I'm reading The Variational Principles of Mechanics by Cornelius Lanczos; here is the concerned excerpt:
A second landmark is the geometry of Riemann, which grew out of the ingenious investigations of Gauss concerning the intrinsic geometry of the curved surfaces. Riemann's geometry is based on one single differential quantity called the "line-element" $\bar{ds}^1\;.$ .... Let us consider for example the infinitesimal distance $\bar{ds}$ between two points $P$ and $P^1$ with the coordinates $x,y,z$ and $x+dx,y+dy,z+dz$. According to the Pythagorean theorem we have $$\bar{ds}^2= dx^2 + dy^2 + dz^2\,.$$ [...]
At the footnote
$^1$ Here we adopt the custom of denoting non-integrable differentials, which cannot be considered as the infinitesimal change of something, by putting a dash above the symbol.Thus $dq_k$ or $dt$ means the "$d$ of $q_k$" or the " $d$ of $t$", while $\bar{ds}$, for example, has to conceived as an infinitesimal expression and not as the "$d$ of $s$".
He further adds:
if $\bar{ds}$ were integrable, it would be impossible to find the shortest distance between two points because length of any curve between these two points - depending on the initial and end positions only - would be the same.
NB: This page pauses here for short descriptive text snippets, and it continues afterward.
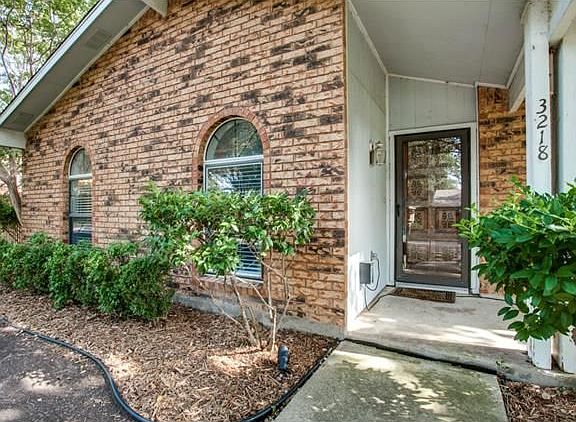 3rd image of 3218 Heathercrest Dr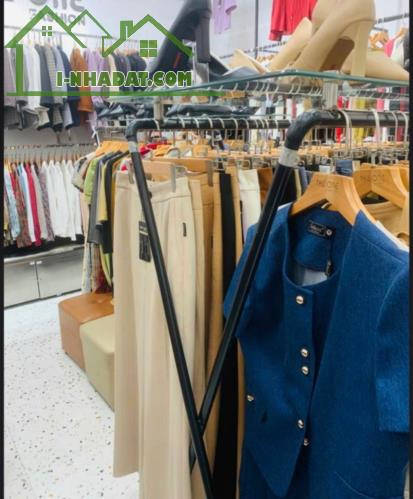 BÁN NHÀ MẶT PHỐ ĐỨC THẮNG – VỊ TRÍ ĐẸP, KINH DOANH ĐỈNH – GIÁ CỰC TỐT!  📍 Địa chỉ: Số 24 - 2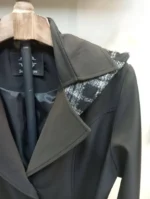 یقه انگلیسی بارانی آستردار زنانه با پارچه سانتانا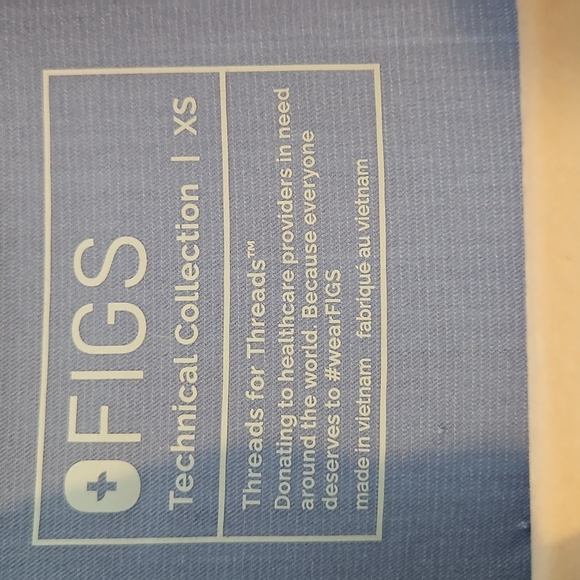 Scrub top - Picture 2 of 4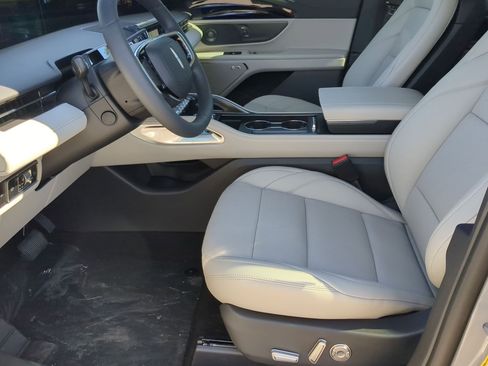 New 2026 Lincoln Nautilus Premier w/ Equipment Group 102A image 11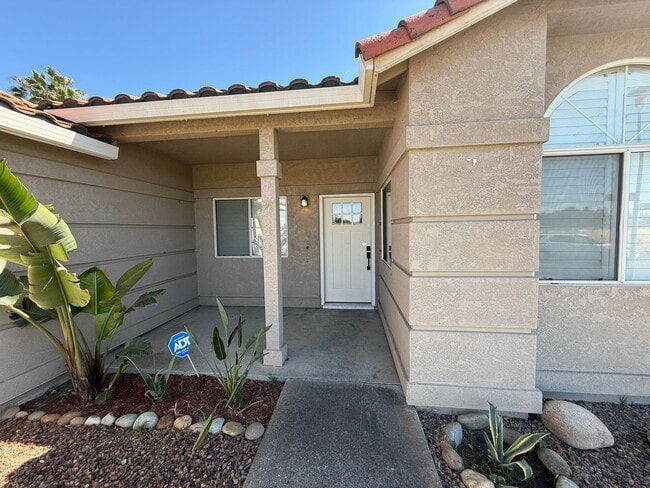 Building Photo - Charming 3 bedroom, 2 bathroom home locate...
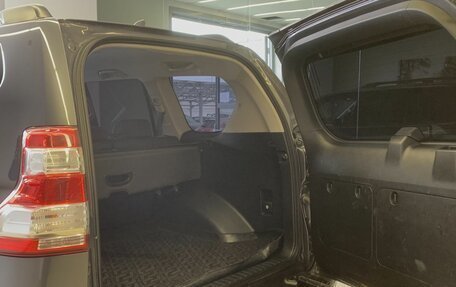 Toyota Land Cruiser Prado 150 рестайлинг 2, 2016 год, 4 300 000 рублей, 14 фотография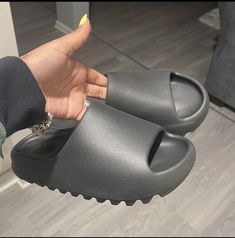 Black Adidas Yeezy Slides. Gift Ideas 2022 Yeezy Slides, Shoe Wishlist, Cute Nike Shoes, Girly Shoes, Sneakers Mode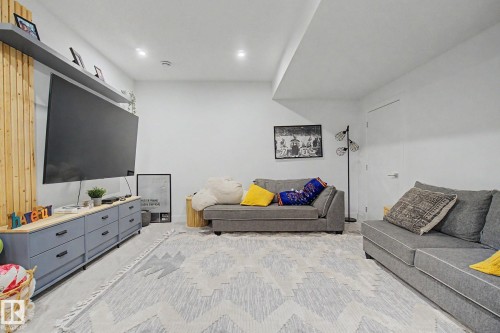11406 55 Avenue, Edmonton, AB - Indoor Photo Showing Living Room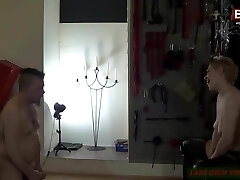 Deutscher Sadism & Masochism DREIER im Domina Studio mit anal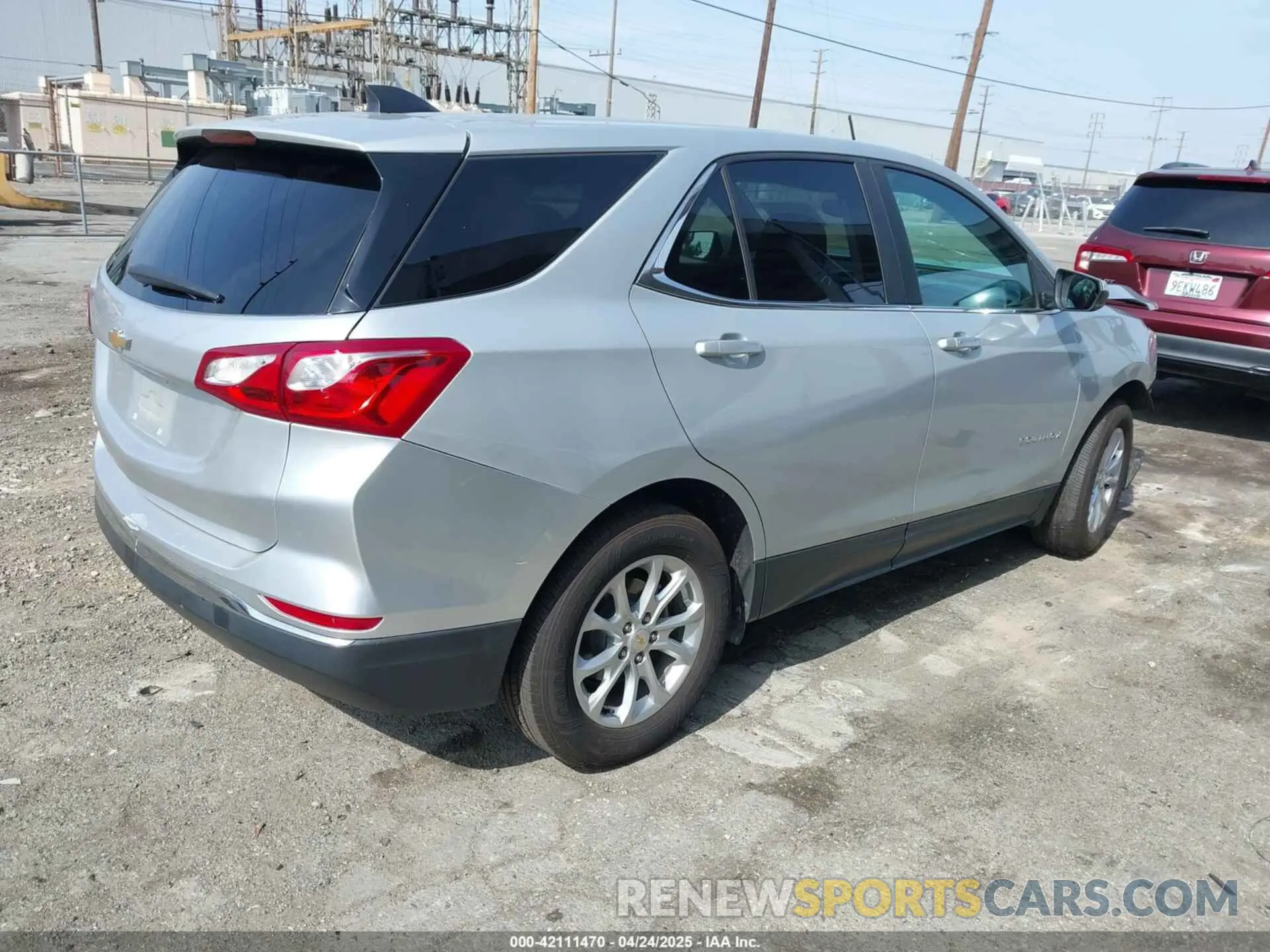 4 fotografías del automóvil dañado 2GNAXKEV8M6103073 CHEVROLET EQUINOX 2021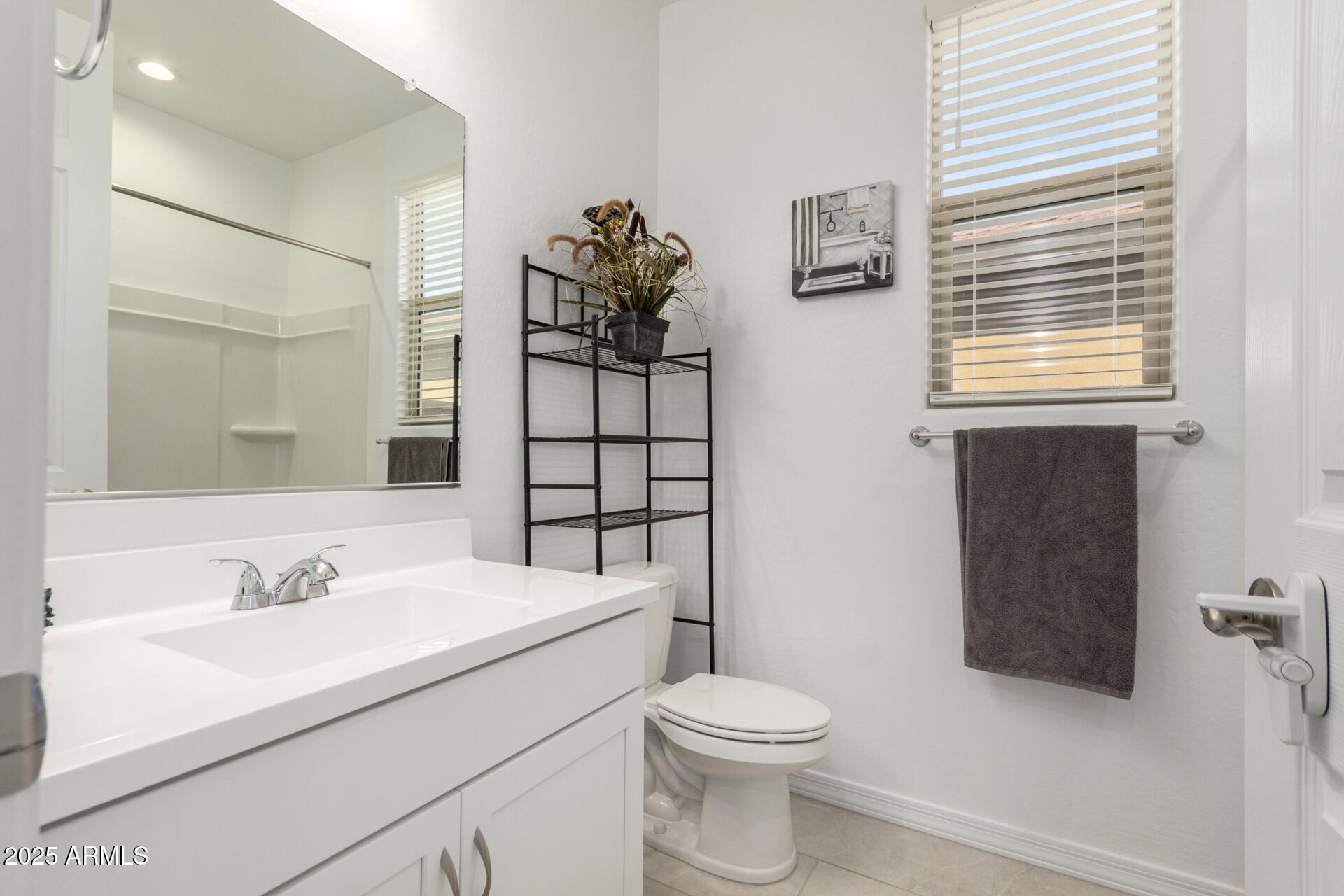 20264 W MONTECITO Avenue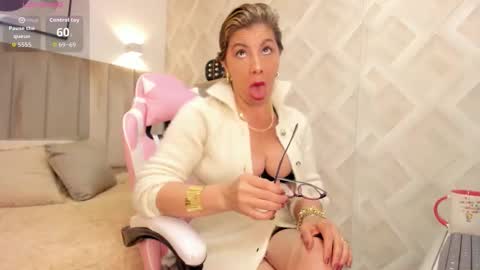 clhoe_johnson_ online show from January 2026 01:49:02 PM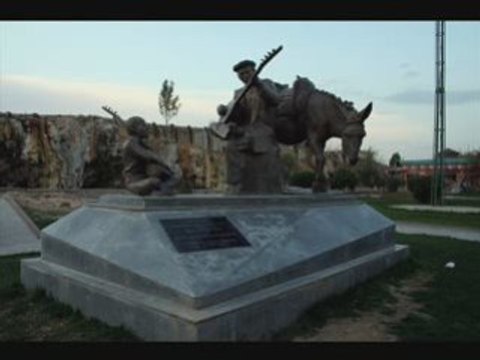 Neset Ertas - Aydost Deyince Dinlemeden Gecme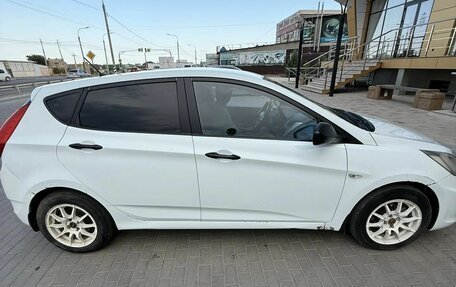 Hyundai Solaris II рестайлинг, 2012 год, 500 000 рублей, 3 фотография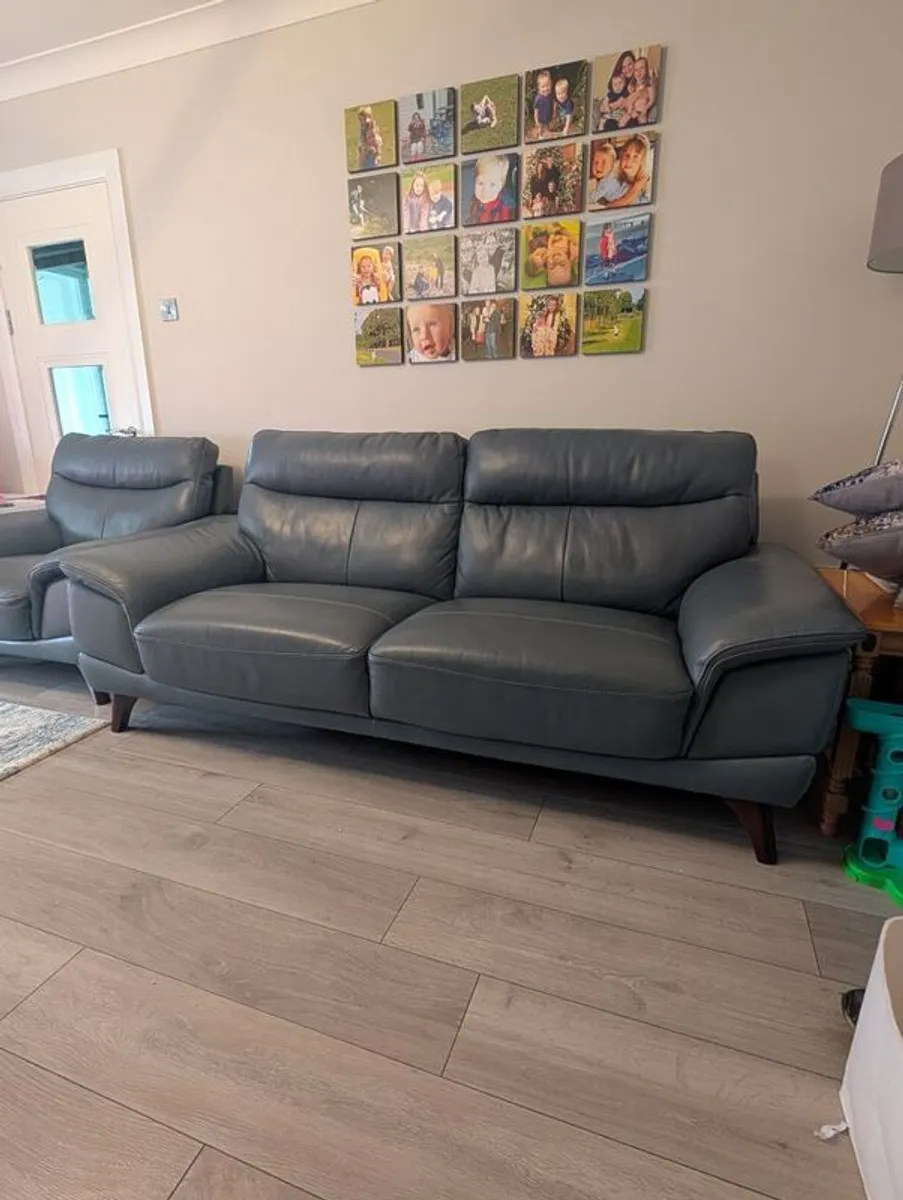 leather sofa 2+1 - Image 1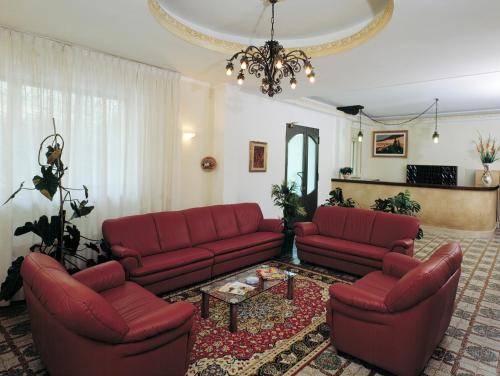 Fuajee, Hotel delle Palme in Letojanni
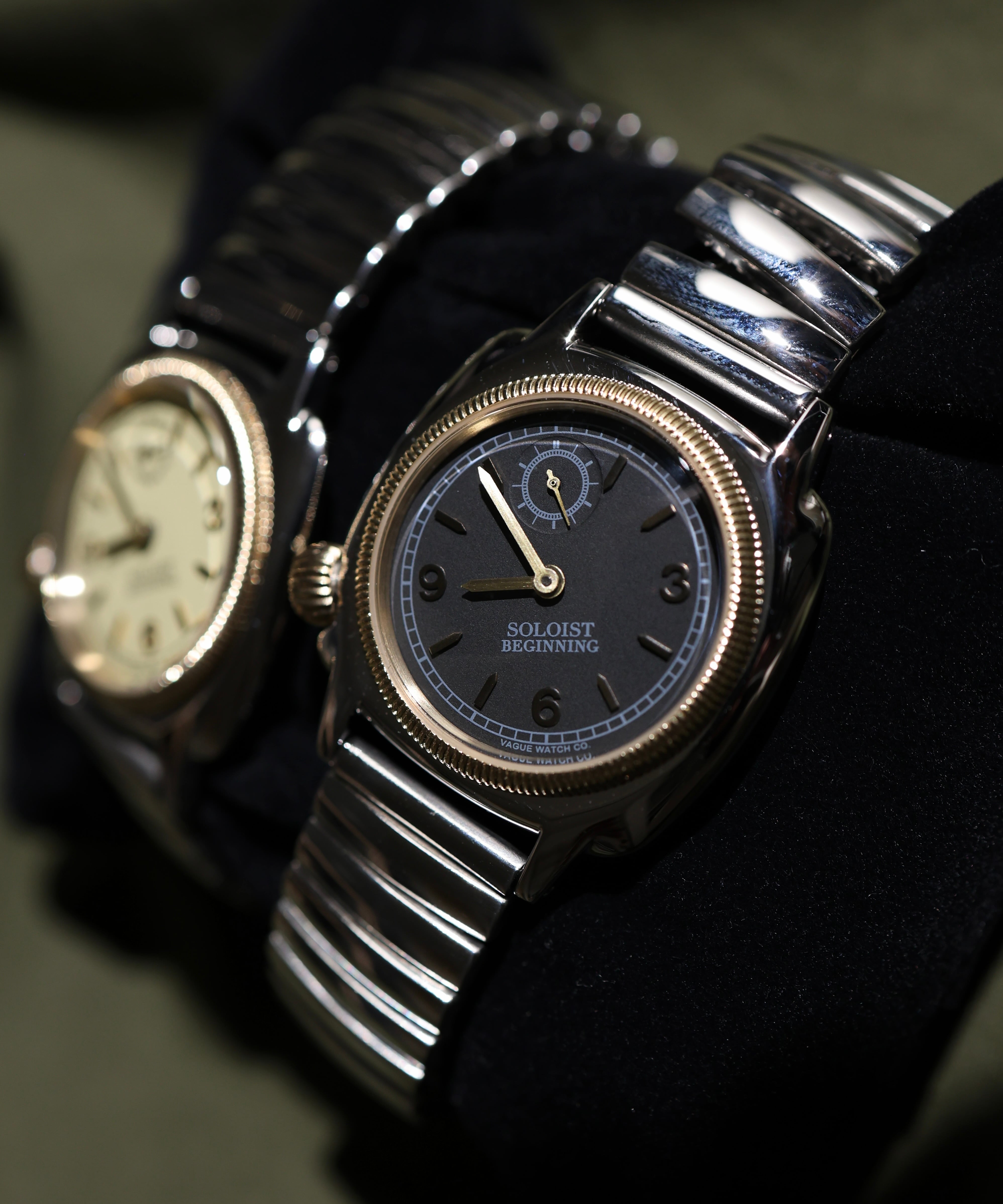 VAGUE WATCH CO. / TAKAHIROMIYASHITA The SoloIst. Coussin BEGINNING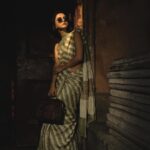 Solanki Roy Instagram - POV: In love with these captures! ☺️♥️ So, while I was looking at these pictures sitting quietly in my gallary, a trail of thoughts took me back to my city and my memories there and I felt this sudden gush of emotions swirling up my throat. Seldom we take a pause and remember to cherish what we have because we are too busy achieving what we want. But these little things make our life worth living . Today, I take this opportunity to thank every single person, some being my friends, some being my immediate family, and some whom I haven't been lucky enough to meet personally but in this day of social media they have become my extended family for sure, each & every one of you who has loved me all these years unconditionally and helped me reach where I am today! It wouldn't have been possible without you... My heart is filled with gratitude and love and all I can say is "I am because you are!" ♥️ 📸 @sarkardebarshi19 💄 @suro.make_up_artist Styling and 👗 @suchanda_banerjee Videography @skylab_akashdeep Videography assisted by ujjaini ghosh Kolkata - The City of Joy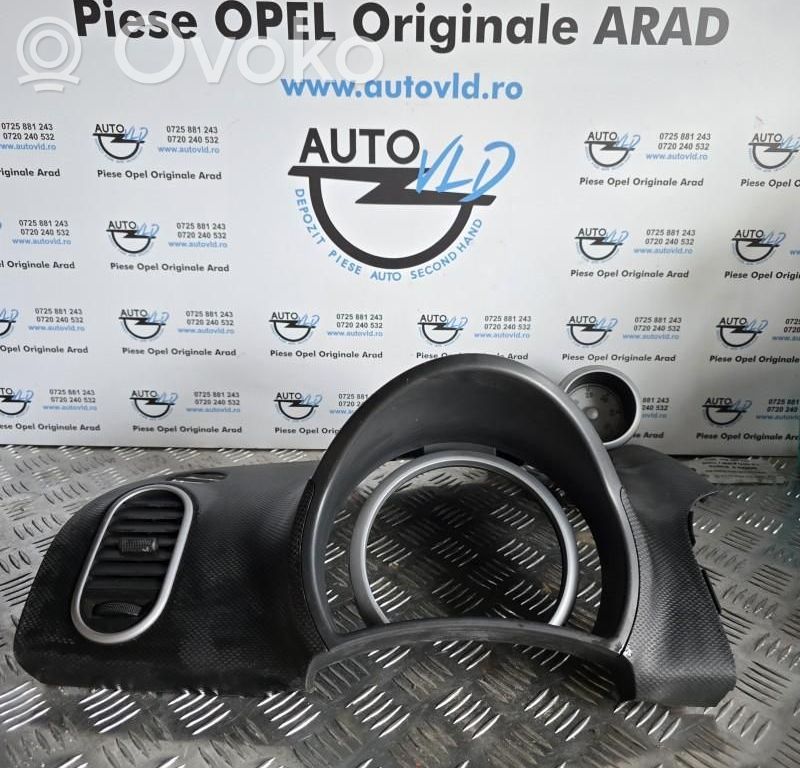 Opel Agila B Panelis 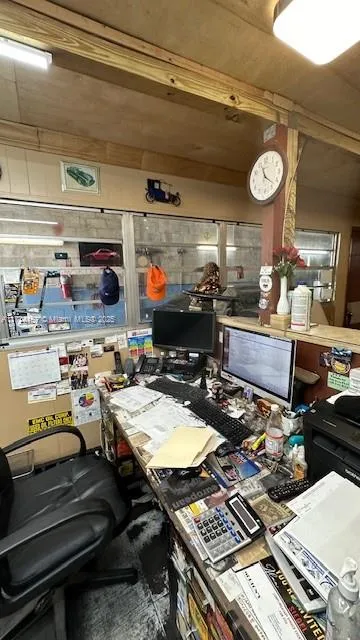 3838 Shipping Ave, Miami FL 33146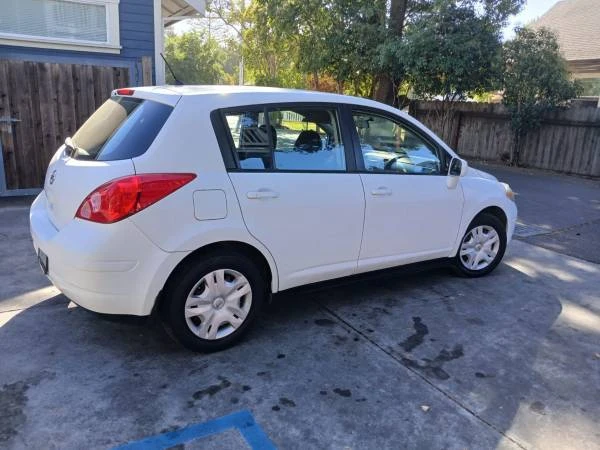 2011 Nissan Versa - Image 7 of 31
I couldn't get the point why "line-element" is non-integrable; he did add an explanation at the footnote, but I couldn't comprehend his reasoning: so according to him, a differential displacement between two points is non-integrable, is it so?
How could we integrate then using a differential displacement like $\mathrm dx$ in one-dimension or $\mathrm d\mathbf r$ in three dimensions or so?
Sorry, if I sound silly; but I'm a bit confused.
Can anyone please clarify to me why "line-element" is non-integrable?
"Non-integrable" is not the word I would use here, because it has other, non-related meanings. I think that is the source of the confusion.
What he is saying is that the result of integrating $ds$ along a curve is path-dependent, not just a function of the endpoints. If $f$ is any smooth function defined on a simply-connected region (in particular the $x$ coordinate), integrating $df$ on any curve from $p$ to $q$ in this region will give you $f(q) - f(p)$, so that is not path-dependent. So $dx$ is "integrable" in his sense, but $ds$ is not.